Exercise objective » Give back exactly the first lines of the entries below, through the line with "First Aid Beauty Ultra Repair Cream".

Brief descriptive captions:
- Opening Delimiter -

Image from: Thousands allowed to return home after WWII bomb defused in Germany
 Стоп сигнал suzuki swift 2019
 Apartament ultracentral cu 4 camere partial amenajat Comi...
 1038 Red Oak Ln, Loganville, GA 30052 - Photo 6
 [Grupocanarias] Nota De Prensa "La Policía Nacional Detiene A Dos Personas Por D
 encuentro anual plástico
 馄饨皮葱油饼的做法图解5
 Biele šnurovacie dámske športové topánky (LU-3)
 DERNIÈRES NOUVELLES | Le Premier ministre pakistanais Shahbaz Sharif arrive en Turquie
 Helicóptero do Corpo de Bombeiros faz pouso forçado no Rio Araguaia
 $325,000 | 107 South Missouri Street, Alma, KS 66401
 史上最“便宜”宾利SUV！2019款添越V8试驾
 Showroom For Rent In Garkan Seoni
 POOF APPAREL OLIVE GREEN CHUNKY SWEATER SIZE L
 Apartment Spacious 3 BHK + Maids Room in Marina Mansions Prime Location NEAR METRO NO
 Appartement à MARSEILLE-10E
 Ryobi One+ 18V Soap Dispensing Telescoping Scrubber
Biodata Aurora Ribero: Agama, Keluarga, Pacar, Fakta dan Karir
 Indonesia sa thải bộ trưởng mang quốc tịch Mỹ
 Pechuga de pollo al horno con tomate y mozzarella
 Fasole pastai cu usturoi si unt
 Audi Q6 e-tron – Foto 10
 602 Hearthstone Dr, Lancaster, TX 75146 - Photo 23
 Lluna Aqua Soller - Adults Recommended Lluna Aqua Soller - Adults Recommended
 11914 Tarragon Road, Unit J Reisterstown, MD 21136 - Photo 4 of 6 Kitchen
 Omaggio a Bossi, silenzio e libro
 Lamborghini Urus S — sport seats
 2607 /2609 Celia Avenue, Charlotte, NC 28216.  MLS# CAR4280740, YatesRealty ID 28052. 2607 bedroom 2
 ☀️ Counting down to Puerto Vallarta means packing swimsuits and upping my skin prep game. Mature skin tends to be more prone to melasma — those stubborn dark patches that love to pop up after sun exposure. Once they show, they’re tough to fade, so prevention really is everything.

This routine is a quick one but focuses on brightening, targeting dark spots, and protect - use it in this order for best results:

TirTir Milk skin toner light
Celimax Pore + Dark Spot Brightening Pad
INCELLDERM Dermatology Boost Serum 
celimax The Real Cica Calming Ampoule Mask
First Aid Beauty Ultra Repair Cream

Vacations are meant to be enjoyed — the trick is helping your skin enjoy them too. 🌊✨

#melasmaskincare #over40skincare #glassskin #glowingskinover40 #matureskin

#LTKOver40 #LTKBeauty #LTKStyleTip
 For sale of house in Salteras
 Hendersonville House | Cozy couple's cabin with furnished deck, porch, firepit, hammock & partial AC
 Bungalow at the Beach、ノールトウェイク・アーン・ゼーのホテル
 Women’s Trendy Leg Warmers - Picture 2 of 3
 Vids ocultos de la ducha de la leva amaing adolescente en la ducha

- Closing Delimiter -

Solution to this exercise »
Image from: Thousands allowed to return home after WWII bomb defused in Germany
 Стоп сигнал suzuki swift 2019
 Apartament ultracentral cu 4 camere partial amenajat Comi...
 1038 Red Oak Ln, Loganville, GA 30052 - Photo 6
 [Grupocanarias] Nota De Prensa "La Policía Nacional Detiene A Dos Personas Por D
 encuentro anual plástico
 馄饨皮葱油饼的做法图解5
 Biele šnurovacie dámske športové topánky (LU-3)
 DERNIÈRES NOUVELLES | Le Premier ministre pakistanais Shahbaz Sharif arrive en Turquie
 Helicóptero do Corpo de Bombeiros faz pouso forçado no Rio Araguaia
 $325,000 | 107 South Missouri Street, Alma, KS 66401
 史上最“便宜”宾利SUV！2019款添越V8试驾
 Showroom For Rent In Garkan Seoni
 POOF APPAREL OLIVE GREEN CHUNKY SWEATER SIZE L
 Apartment Spacious 3 BHK + Maids Room in Marina Mansions Prime Location NEAR METRO NO
 Appartement à MARSEILLE-10E
 Ryobi One+ 18V Soap Dispensing Telescoping Scrubber
Biodata Aurora Ribero: Agama, Keluarga, Pacar, Fakta dan Karir
 Indonesia sa thải bộ trưởng mang quốc tịch Mỹ
 Pechuga de pollo al horno con tomate y mozzarella
 Fasole pastai cu usturoi si unt
 Audi Q6 e-tron – Foto 10
 602 Hearthstone Dr, Lancaster, TX 75146 - Photo 23
 Lluna Aqua Soller - Adults Recommended Lluna Aqua Soller - Adults Recommended
 11914 Tarragon Road, Unit J Reisterstown, MD 21136 - Photo 4 of 6 Kitchen
 Omaggio a Bossi, silenzio e libro
 Lamborghini Urus S — sport seats
 2607 /2609 Celia Avenue, Charlotte, NC 28216.  MLS# CAR4280740, YatesRealty ID 28052. 2607 bedroom 2
 ☀️ Counting down to Puerto Vallarta means packing swimsuits and upping my skin prep game. Mature skin tends to be more prone to melasma — those stubborn dark patches that love to pop up after sun exposure. Once they show, they’re tough to fade, so prevention really is everything.

This routine is a quick one but focuses on brightening, targeting dark spots, and protect - use it in this order for best results:

TirTir Milk skin toner light
Celimax Pore + Dark Spot Brightening Pad
INCELLDERM Dermatology Boost Serum 
celimax The Real Cica Calming Ampoule Mask
First Aid Beauty Ultra Repair Cream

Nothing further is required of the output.